Złapali szpiega
Aresztowany we wtorek oficer Wojska Polskiego szpiegował na rzecz Rosji - nieoficjalnie dowiedziała "Gazeta Wyborcza". Powołując się na swojego informatora napisała także, że zatrzymany ma stopień porucznika.
"Przekazywał informacje dotyczące planów ulokowania baz amerykańskich i NATO w Polsce oraz dyslokacji wojsk związanej z przesunięciem granicy UE na wschód" - czytamy w "Gazecie".
Informację o aresztowaniu oficera przez Sąd Garnizonowy w Warszawie pod zarzutem działalności na rzecz obcego wywiadu - podała we wtorek Wojskowa Prokuratura Okręgowa w Warszawie. Sprawa nie dotyczy żadnego z państw NATO - ujawnił minister obrony narodowej Jerzy Szmajdziński.
Oficer został zatrzymany w poniedziałek przez funkcjonariuszy Agencji Bezpieczeństwa Wewnętrznego.

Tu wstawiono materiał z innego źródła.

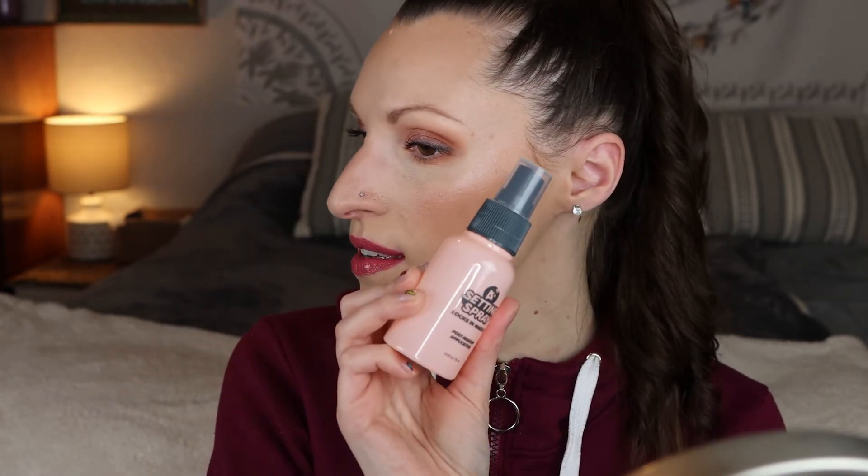This gloss doesn't really have much of a scent to it. We are going to set the face with our setting spray — it locks in makeup, post makeup application, lightweight matte finish, and long lasting. Hopefully it's not as aggressive as the primer spray. That mister is better. This spray has a fragrance to it — it has that kind of powdery smell.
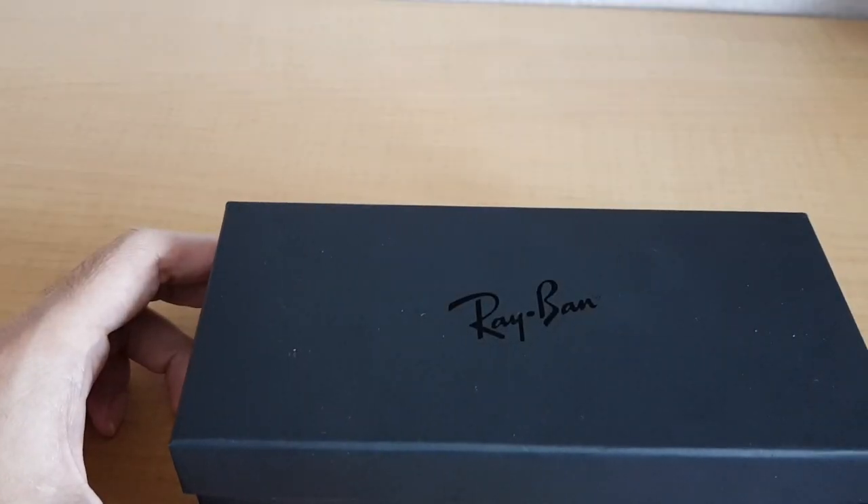Welcome to another review. Today I'm looking at the Ray-Ban RB4265 Chromance.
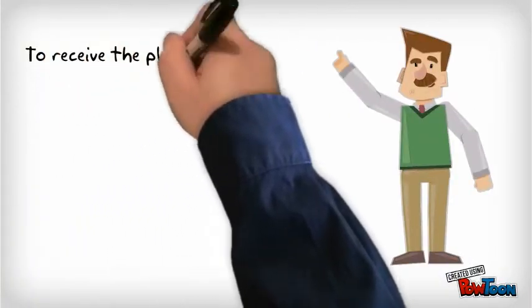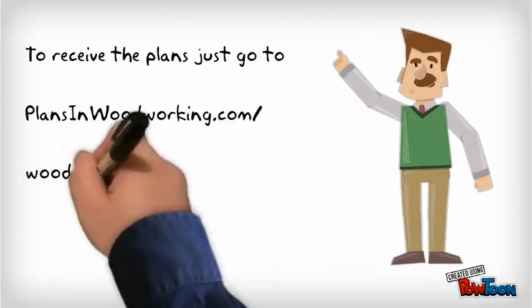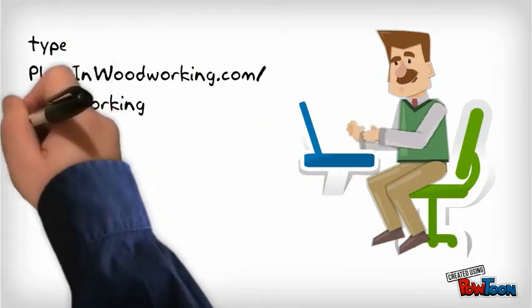To receive the plans, just go to plansinwoodworking.com/woodworking. Type plansinwoodworking.com/woodworking into your browser.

Wspólne śledztwo Wojskowych Służb Informacyjnych i ABW w tej sprawie podjęto 27 grudnia.
Wojskowemu został przedstawiony zarzut z artykułu 130 par. 2 Kodeksu karnego. Według artykułu, "kto, biorąc udział w obcym wywiadzie albo działając na jego rzecz udziela temu wywiadowi wiadomości, których przekazanie może wyrządzić szkodę Rzeczpospolitej Polskiej, podlega karze pozbawienia wolności na czas nie krótszy od 3 lat". (PAP)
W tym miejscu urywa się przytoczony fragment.